I don’t think there’s a solar bubble in the near term. The prices are coming down for the grid-based solar, and I think the space that I’m going into for flexible is just touching the market. There could be 10,000 factories like mine and they won’t even touch the market. Think about it. Think about having—instead of a battery—a little piece of material that’s four inches by four inches, and ultimately, it’s going to be on the back of your Blackberry or cell phone. It’s going to provide power. What is that going to do?

Jackson: How far ahead are we looking?

Hertzberg: I think it’s just a matter of a few years. The rate of change is dramatic. The standby power, the phantom power in your home—eight percent in the U.K., nine percent in America—is the amount of power used by either chargers when they’re left plugged in or devices in standby mode like the little flashing lights on your DVD player. You can power that all by solar and reduce the drag on the grid...

Jackson: You could have gone anywhere in the world with your new technology. Why Wales?

Hertzberg: I wanted to be close to London. I wanted to be in Europe. Quite frankly, in Europe, for those who study this stuff, there are a lot of places that are way ahead of the game, and there’s a lot of political will in the U.K., but they’re way behind. We’ve become the biggest factory in all of the U.K.
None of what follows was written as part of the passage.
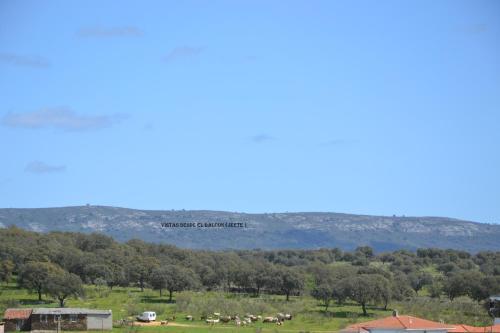 Foto del entorno de Apartamentos Rurales Natura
Can I tell you something? This is so cool. The big issue in renewables is having the smallest carbon footprint possible. The actual material that I use takes very little energy to make. But listen to this: I’ve got approval in less than four months from the Cardiff City Council to put up a 440-foot-tall wind turbine on my factory property. I’m going to use wind to create the power to operate my machines to make solar. How do you like them apples?

Jackson: So what’s the next level?

Hertzberg: I think it has to do with policies like feed-in tariffs where you can put solar on your roof and get paid for it. I think it is financing mechanisms through revenue bonds to be able to pay to have businesses come here. I think it’s government buying at a much bigger level than procurement for this technology so that we green up. Bill Lockyer has a fantastic program to green up all of California’s buildings, which would set the bar way past what anybody else has done.
In October, we’re going to have the GreenXchange Xpo here in California, a huge event at the Convention Center that David Abel is doing to bring thousands and thousands of technologies here, the biggest such event around the world on renewables to really draw our attention to renewable energy.

So, I think there’s wonderful opportunity. Certainly the world sees us as a great leader; we just have to continue to do what it takes to be on the cutting edge.

Jackson: The “Green Industrial Revolution” is really hitting its stride?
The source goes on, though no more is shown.